Mentioned in SAL (#wikimedia-operations) [2017-10-26T20:02:56Z] <ladsgroup@tin> Synchronized wmf-config/InitialiseSettings.php: UBN! disbale ores for wikidata (T179107) (duration: 00m 50s)

One thing we can do in the future is to throw a more specific exception, which passes through the ORES service error. The service error needs to be improved as well, the root cause is buried in some misleading stuff about a "buffering" argument.

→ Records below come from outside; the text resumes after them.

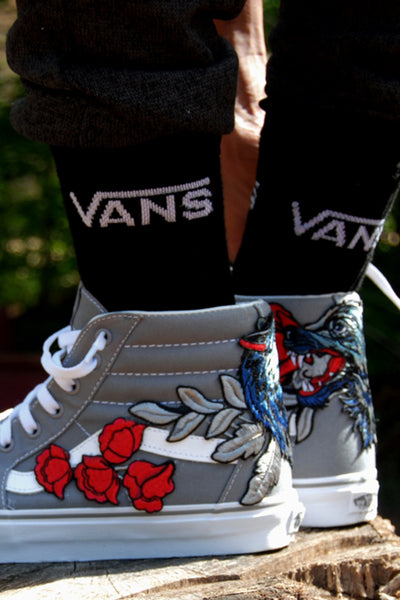 embroidered shoes vans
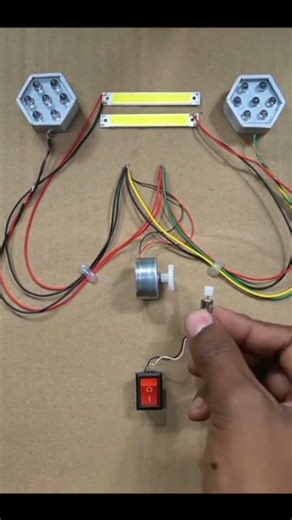how to make mini d c motar janretar crant the balb 💡 experiment #saensh #project #dcmotor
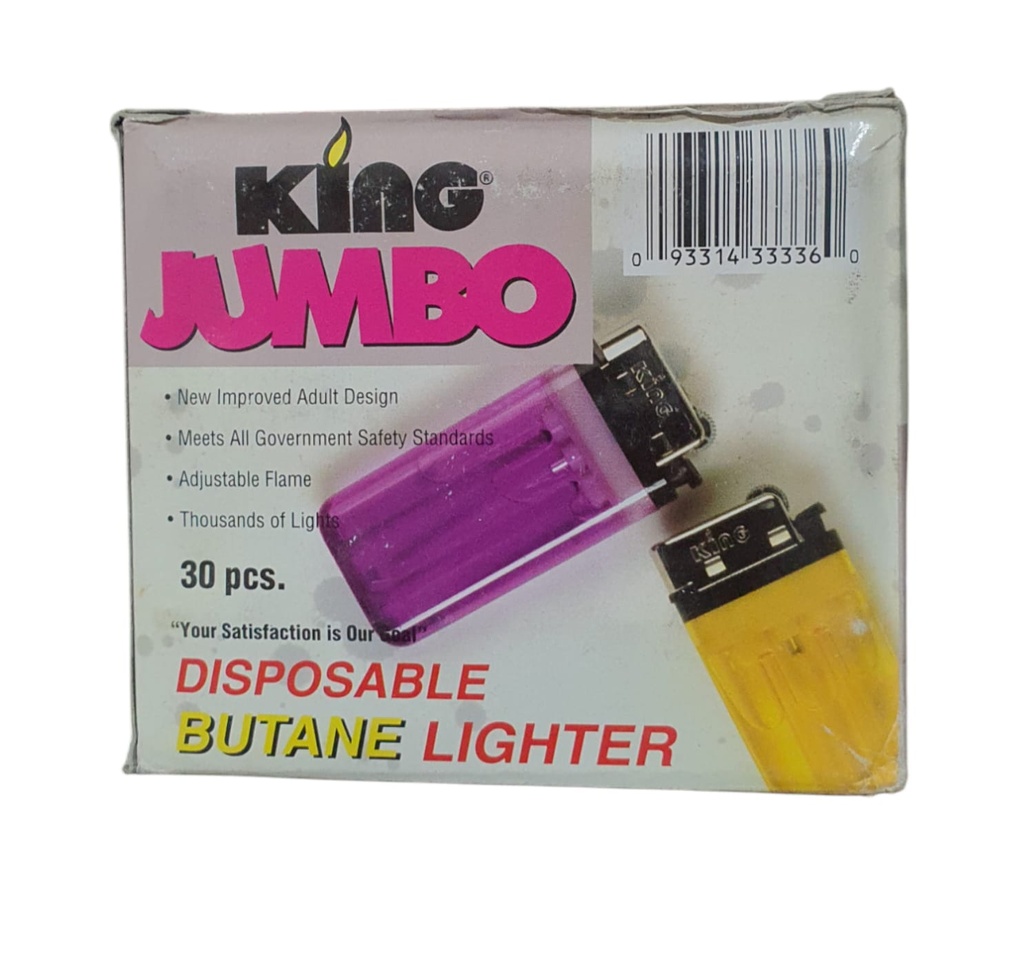 King lighters (Jumbo 30ct)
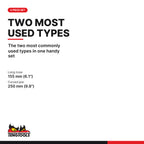 Teng Tools 402 2-Piece CrMo Locking Plier Set, the two most commonly used types in one handy set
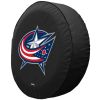 Columbus Tire Cover w/ Blue Jackets Logo - Black Vinyl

The URL still sends timeout error.

awight added a subscriber: BBlack.Oct 27 2017, 3:40 PM

I hear that Wikidata API performance has recovered, yet I can still get a timeout some of time, by using the uncached URL:
https://ores.wikimedia.org/v3/scores/wikidatawiki/?models=damaging%7Cgoodfaith&revids=584&features=

The number of timeouts varies, so I'm not entirely comfortable with the theory that the API has recovered.

Nonetheless, the working theory is that we'll reenable Extension:ORES for wikidata on Monday, before wmf.5 is redeployed to that wiki, so that we have a realistic system state. Please give @BBlack and IRC#wikimedia-operations some warning before pushing the config change.

Mentioned in SAL (#wikimedia-operations) [2017-10-30T14:07:43Z] <ladsgroup@tin> Synchronized wmf-config/InitialiseSettings.php: Revert "UBN! disbale ores for wikidata" (T179107) (duration: 00m 49s)

Mentioned in SAL (#wikimedia-operations) [2017-10-30T14:09:14Z] <ladsgroup@tin> Synchronized wmf-config/InitialiseSettings.php: Revert "UBN! disbale ores for wikidata" (T179107) (duration: 00m 50s)

greg added a comment.Nov 13 2017, 11:04 PM

status?

Status? What is next here? A week without updates doesn't suggest UBN! status...

Thanks for the ping--I think the ORES piece of this has calmed down, we were exacerbating T179156 and now that the cause has been alleviated, there's nothing for us to do. Closing.

awight closed this task as Resolved.Nov 13 2017, 11:07 PM